Professor Amauri Mascaro Nascimento (in memoriam) aborda os termos de como deve ser o contrato.

Licitude, utilidade e justiça no contrato
Amauri Mascaro Nascimento (in memoriam)

Ao ordenamento jurídico compete, não apenas, sistematizar o complexo de normas e relações jurídicas no universo em que atua e desenvolve a sua trajetória para a consecução dos seus fins. Nele, o contrato ocupa um importante espaço de realização de enlaces jurídicos intersubjetivos.

Imagine-se – já que quantificar é impossível – o número de contratos de trabalho diariamente constituídos e desfeitos no mundo.

É que contrato não é o mesmo que um documento escrito, e essa falsa ideia deve ser afastada, embora possa existir a formalização do contrato por meio de linguagem escrita. São, também, formas contratuais no direito do trabalho, válidas como a escrita, muitas outras: a verbal, a tácita e até mesmo, em alguns sistemas, a presumida. Todas são contratos de trabalho.

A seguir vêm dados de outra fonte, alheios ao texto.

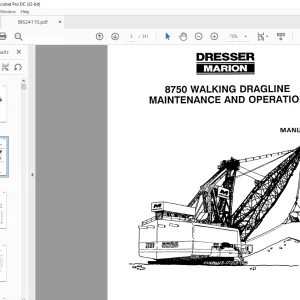 Cat Bucyrus Dresser 8750 Walking Dragline Maintenance & Operation Manual BI624110 - PDF DOWNLOAD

Acrescente-se – conquanto não consistente –  a teoria objetivista, que dispensa a vontade para a formação do vínculo de emprego, contentando-se com a coincidência entre a tipicidade legal e o modo como o trabalho é prestado. O contrato tácito e a relação objetivista do anticontratualismo praticamente coincidem. Se houver diferença, é qual imperceptível. Talvez a diferenciação resida no animus contraendi, que é a intenção voltada para a contratação ignorada pela teoria objetivista.

Voltando ao tema, o valor não pode estar ausente de um contrato, como o de trabalho, no qual o próprio ser humano se emprenha com sua força de trabalho posta a serviço de outrem.

O contrato de trabalho deve ser lícito, útil e justo.

O problema da ilicitude tem uma especificidade.

Não pode ser resolvido com base nos conceitos de direito civil. Neste, o ato nulo não produz efeitos, mas no direito do trabalho o contrato ilícito pode produzir efeitos enquanto perdurou, porque não seria justo alguém trabalhar, não receber salário nem outros direitos porque o contrato é ilícito.

A ilicitude impede a continuidade do contrato, mas não a reparação dos créditos pelo tempo em que a relação de emprego se desenvolveu. É nesse sentido que a doutrina fala em irretroatividade das nulidades.

O contrato deve ser útil – a afirmação nada tem que ver com o utilitarismo -, o que quer dizer que os interesses dos sujeitos devem ser realizados e harmonicamente.

O contrato deve ser justo.

Deixar à livre vontade das partes a realização do justo é problemático. O justo, quando não espontâneo, é introduzido no contrato de modo heterônomo, pela interferência da lei, que impõe os valores que devem presidi-lo.